A AIEA inicia consultas com Moscou e Kiev para um novo cessar-fogo localizado perto de Zaporizhia.

Archivo - Arquivo - ARQUIVADO - 14 de novembro de 2024, Irã, Teerã: O diretor-geral da Agência Internacional de Energia Atômica (AIEA), Rafael Mariano Grossi, se reúne com o presidente iraniano Masoud Pezeshkian (não fotografado). Foto: -/Presidência iran
-/Iranian Presidency/dpa - Arquivo

O cessar-fogo permitiria reparar uma linha de alta tensão que foi danificada pelos ataques russos no passado dia 2 de janeiro MADRID 9 jan. (EUROPA PRESS) -

A Agência Internacional de Energia Atômica (AIEA) anunciou nesta sexta-feira que iniciou consultas com a Rússia e a Ucrânia para estabelecer um novo cessar-fogo localizado nos arredores da usina nuclear de Zaporizhzhia, permitindo reparar uma linha de alta tensão que fornece energia externa às instalações.

“A proposta solicita que a Federação Russa e a Ucrânia concordem com uma zona temporária de cessar-fogo em um local situado a aproximadamente 10 quilômetros da usina (...) para que os técnicos ucranianos possam realizar com segurança os reparos necessários”, indicou em comunicado o diretor-geral da agência, Rafael Grossi.

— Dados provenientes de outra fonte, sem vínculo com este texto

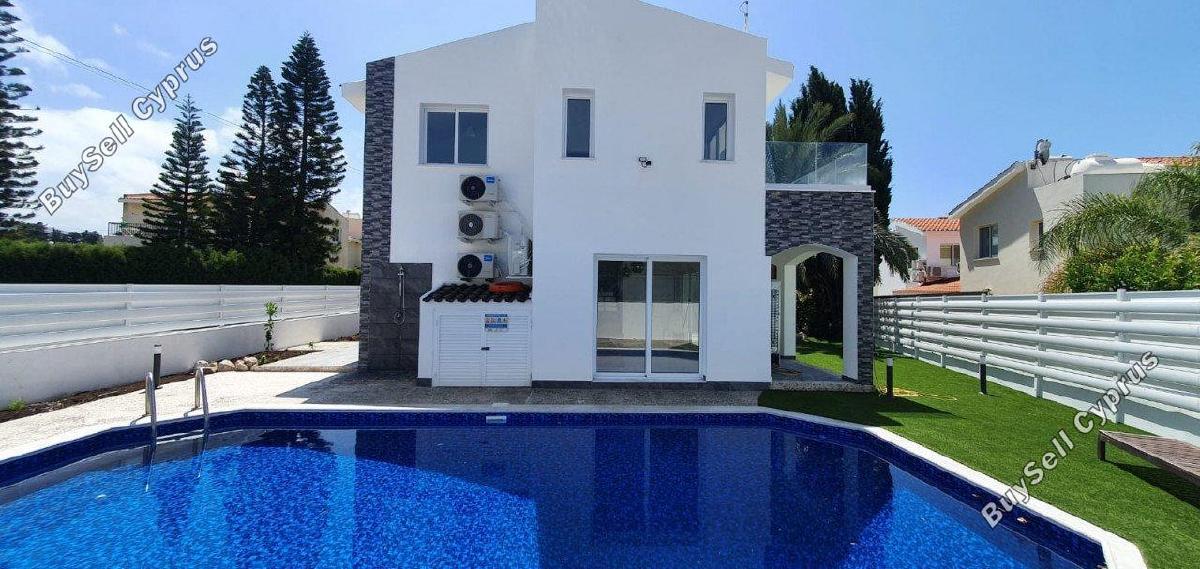 3 Bedroom Detached house for sale in Coral Bay, Paphos 17441691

A linha de 330 quilovolts Ferosplavna-1 — que permite conectar a usina à rede elétrica nacional — foi danificada e posteriormente desconectada em 2 de janeiro, depois que as autoridades ucranianas denunciaram “um dos ataques com drones mais massivos” por parte de Moscou desde o início desta fase da guerra, em fevereiro de 2022.

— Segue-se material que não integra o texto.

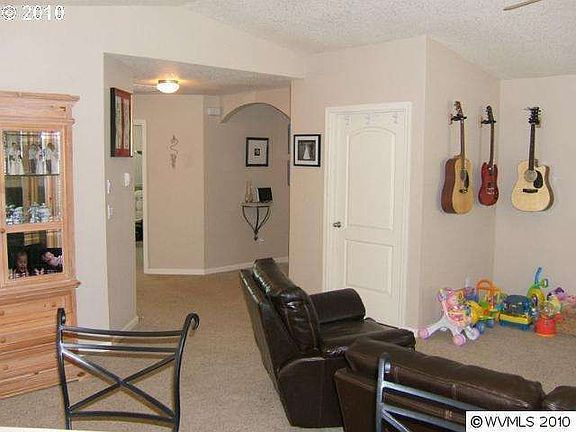 3rd image of 2488 Dorsey Dr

Um cessar-fogo temporário negociado pela AIEA em 30 de dezembro já permitiu que reparos fossem realizados nessa linha. “Confiamos que a Rússia e a Ucrânia continuarão cooperando construtivamente conosco para realizar esses reparos essenciais e reduzir o risco de um acidente nuclear”, disse Grossi.

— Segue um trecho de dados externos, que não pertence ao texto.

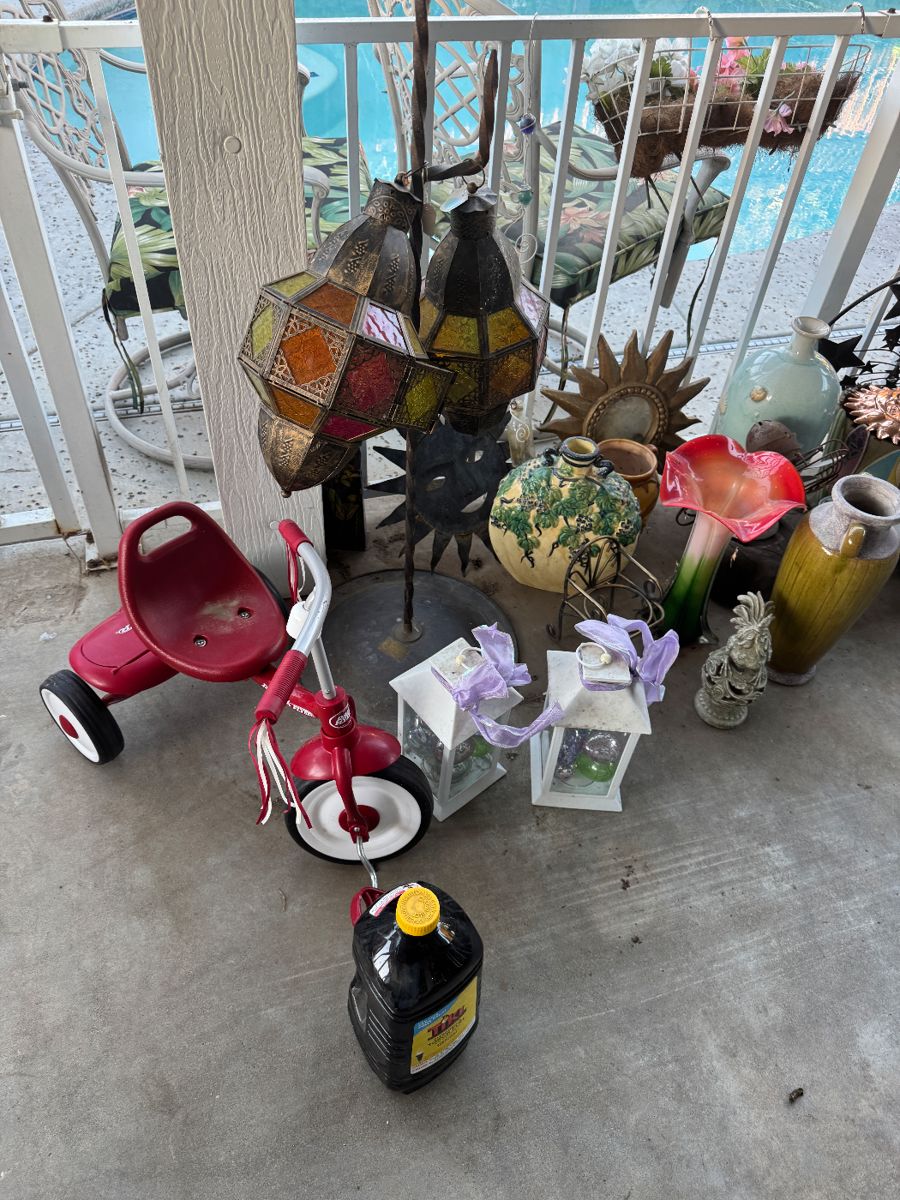 Collector's Paradise: Vintage Glass, Crystal & Eclectic Treasures - Image 89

A Rússia e a Ucrânia culpam-se mutuamente pelos bombardeamentos contra a infraestrutura de apoio da central — controlada pelas tropas russas desde o início da guerra —, que ficou sem energia em 12 ocasiões desde fevereiro de 2022. Moscou conseguiu avanços nos últimos meses na Ucrânia, com o epicentro dos progressos em Donetsk. Em setembro de 2022, Moscou anexou as províncias parcialmente ocupadas de Donetsk, Lugansk, Kherson e Zaporizhia, além de ter conseguido penetrar em Kharkiv, Sumy e Dnipropetrovsk, além de ter anexado a península da Crimeia em 2014.